Seinem Neffen verkaufen
Der Verpächter macht geltend, dass er seinen Betrieb nicht irgendeinem, sondern seinem Neffen verkaufen will – also in der Verwandtschaft. Nun stellt sich die Frage, ob Bauer Meier immer noch das Vorkaufsrecht hat? «Wie bereits erwähnt, lösen erbrechtlich motivierte Veräusserungen das Pachtvorkaufsrecht regelmässig nicht aus, da die persönliche Beziehung zum Erwerber im Vordergrund steht», sagt Michael Riboni.
Bei Veräusserungen, die inhaltlich eine vorgezogene erbrechtliche Regelung darstellen, habe der Pächter somit kein Vorkaufsrecht. Erfolgt die Veräusserung an einen gesetzlichen Erben, liege der Erbvorbezug regelmässig auf der Hand (typischerweise Kindeskauf). Ob der Verkauf an ein Geschwisterkind (Neffe) das Vorkaufsrecht auslöst, sei in der juristischen Literatur umstritten.
Nicht ausgelöst
«Ist der Neffe gleichzeitig gesetzlicher oder eingesetzter Erbe, wird das Vorkaufsrecht des Pächters nicht ausgelöst. Steht hingegen die Person des Geschwisterkindes nicht im Vordergrund, steht dem Pächter ein Vorkaufsrecht zu», sagt Riboni. Aber auch nur, wenn der Neffe nicht zur Ausübung des Verwandtenvorkaufsrechts nach Art. 42 BGBB berechtigt ist. Denn auch dieses gehe jenem des Pächters vor.

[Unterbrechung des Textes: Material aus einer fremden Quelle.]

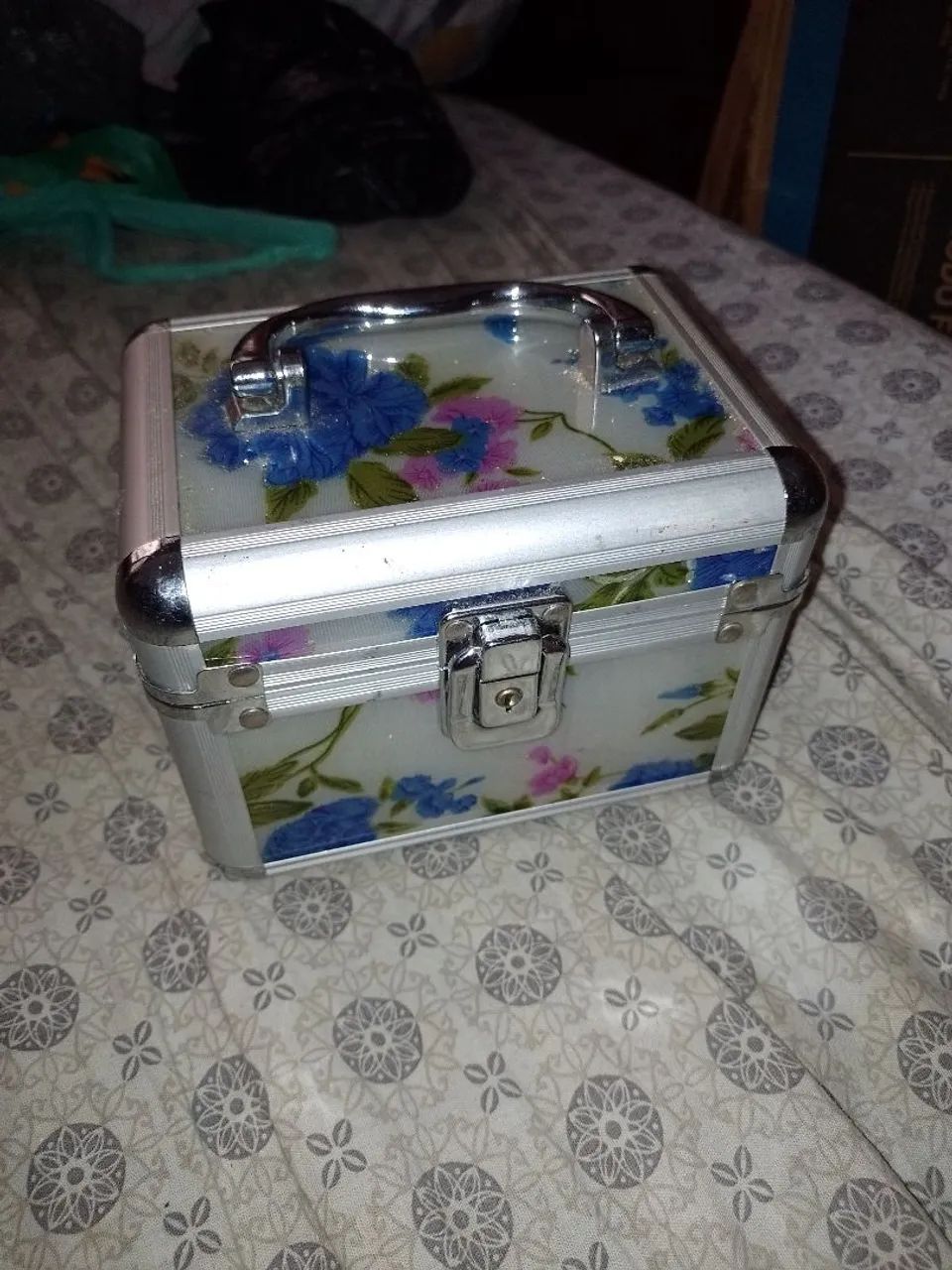 Maletas Semi Novas Para Colocar Jóias - Foto 3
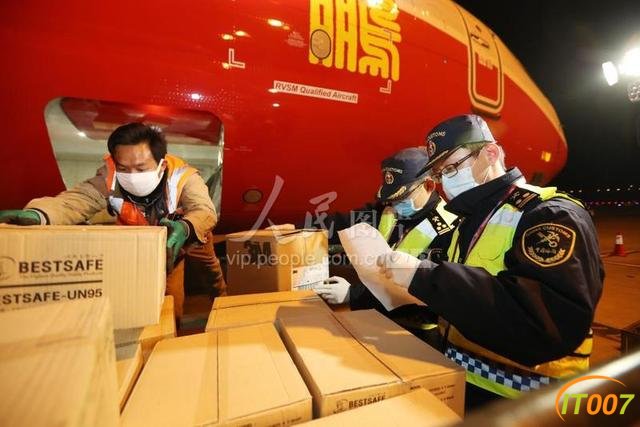 昆明：机场海关争分夺秒保障防疫物资“零延时”快速通关-2.jpg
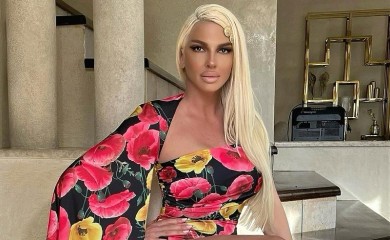 SILIKONI JELENE KARLEUŠE U KRUPNOM KADRU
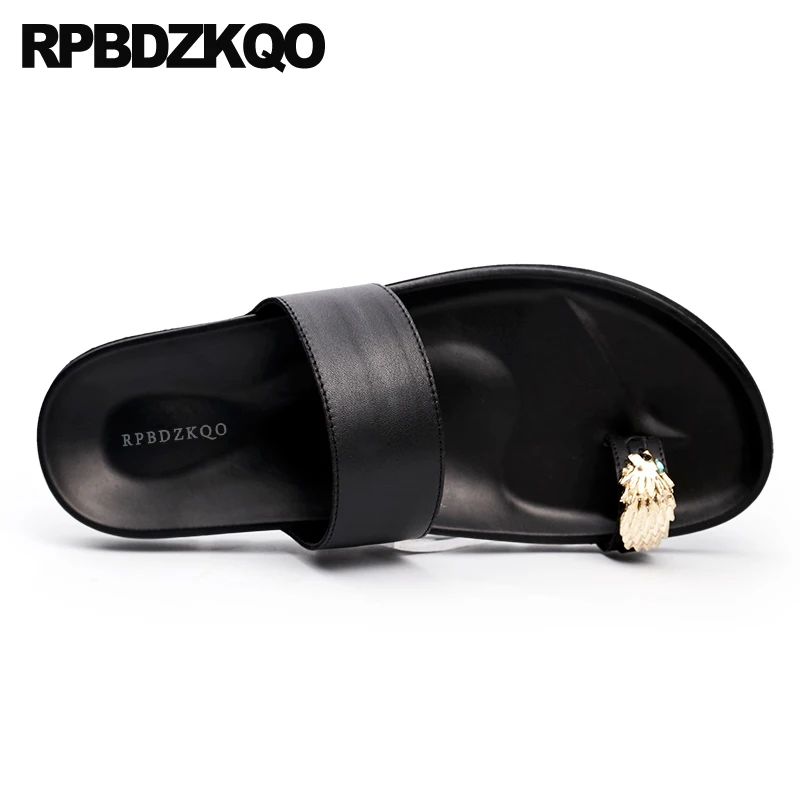 Шлепанцы без задника с открытыми пальцами металлическими известный бренд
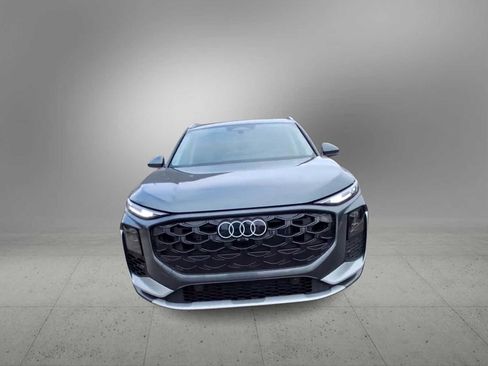 New 2026 Audi Q3 quattro 2.0T image 3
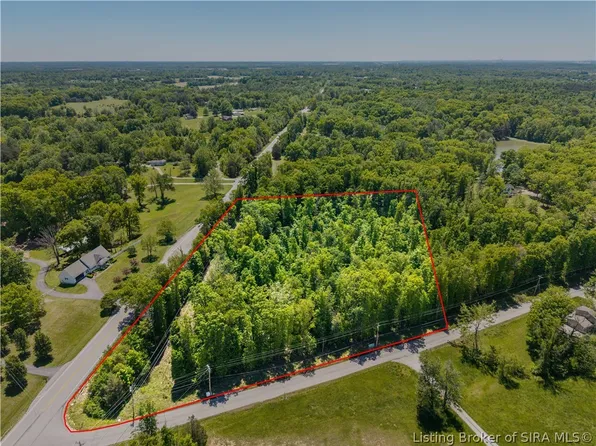  Harry Hughes Road, Charlestown, IN 47111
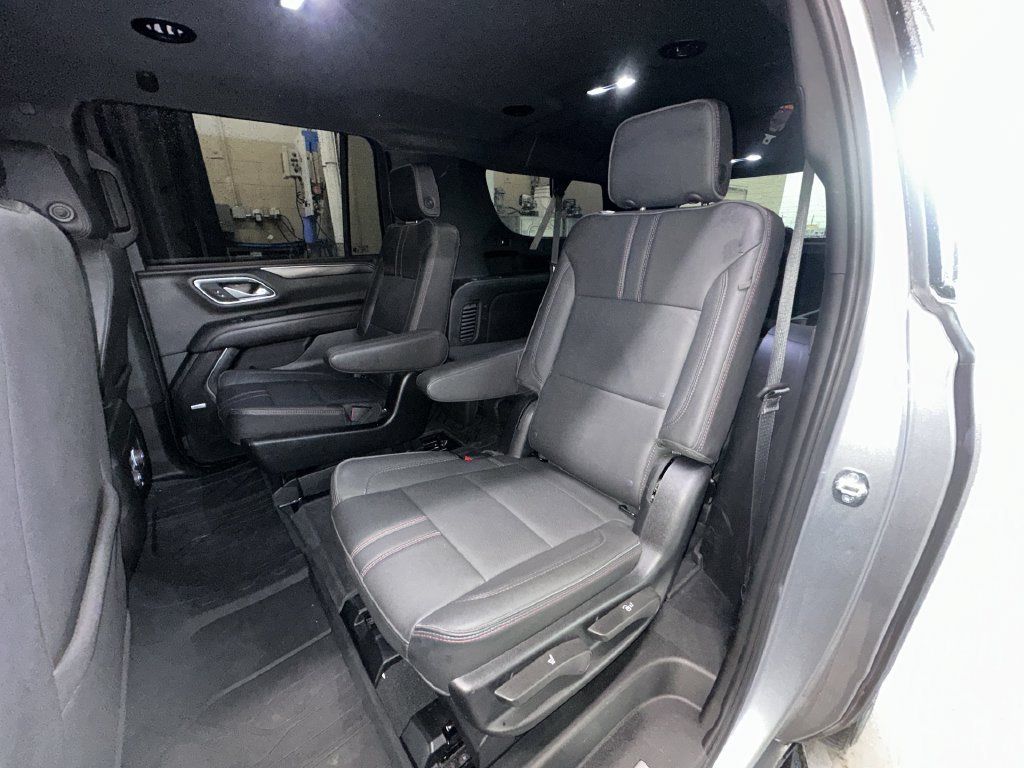 Certified 2024 Chevrolet Suburban RST w/ Luxury Package AWD/4WD image 25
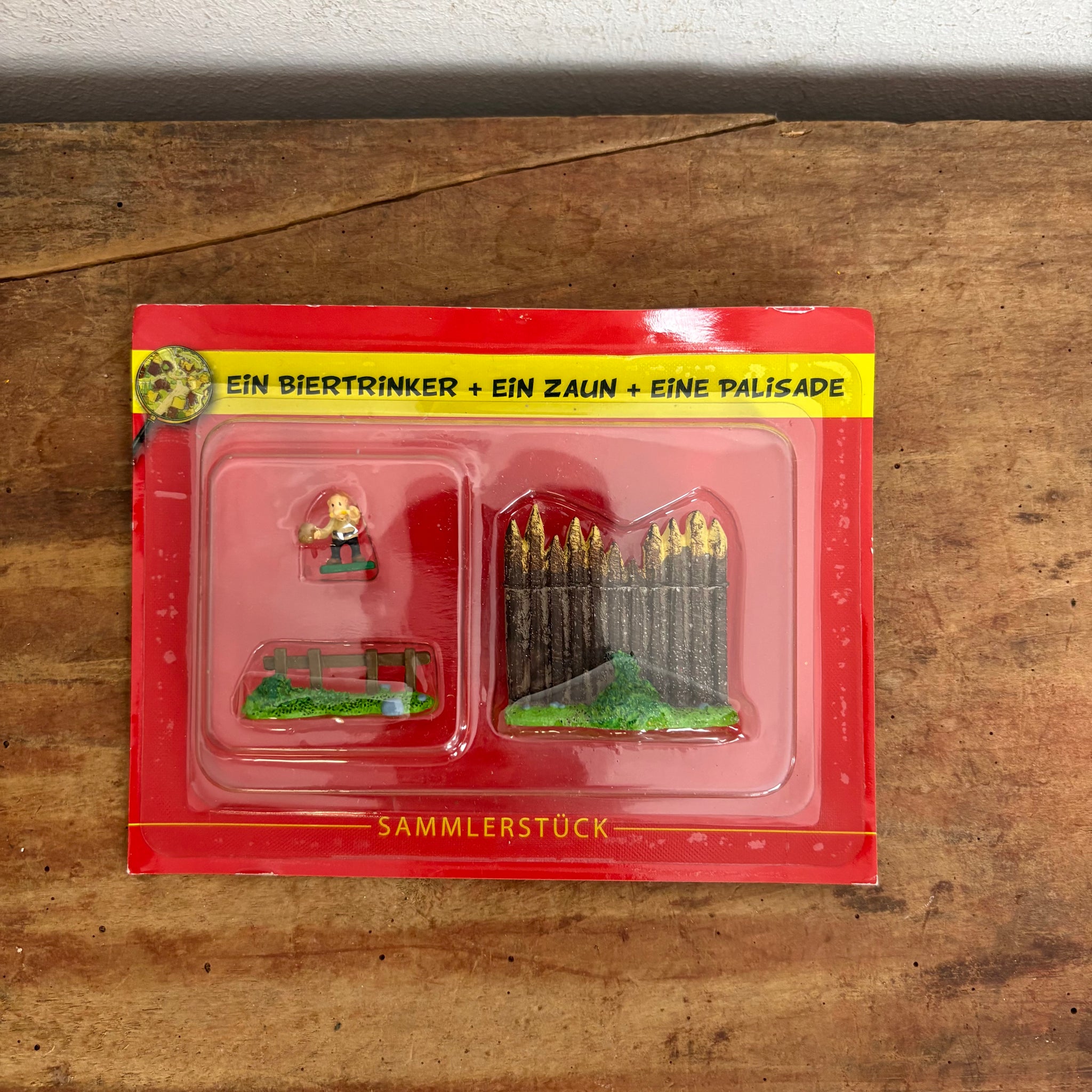 Asterix Das gallische Dorf Figur  Nr. 51 EiN BiERTRiNKER + EiN ZAUN + EiNE PALISADE von Hachette
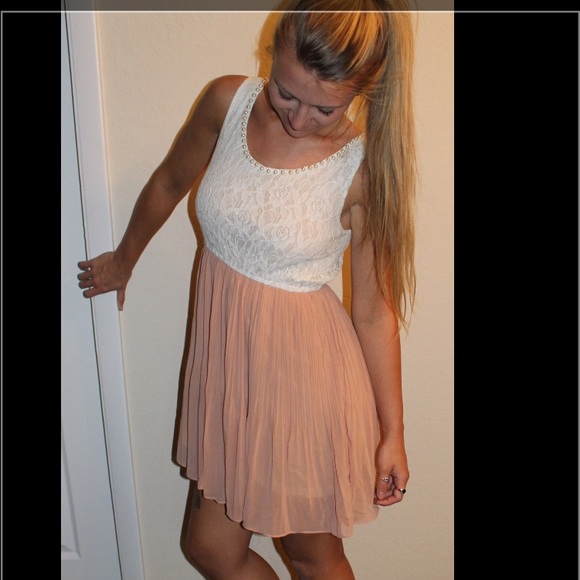 Cream and nude pleated dress.🌷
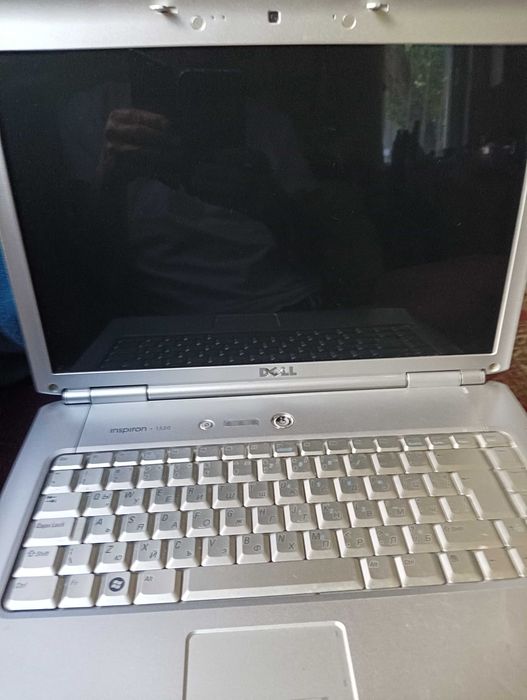 Лаптоп Dell Inspiron 1520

Welche Voraussetzungen müssten denn geschaffen sein, damit der Verpächter seinen ganzen Betrieb seinem Neffen verkaufen könnte?
Kündigt das Pachtverhältnis
«Wenn er sicher sein will, dass dem Pächter Meier kein Vorkaufsrecht zusteht, dann kündigt er das Pachtverhältnis mit dem Pächter und verkauft den Betrieb erst an seinen Neffen, wenn die Pachtdauer (inklusive der Pachterstreckung) abgelaufen ist», empfiehlt der Jurist Michael Riboni.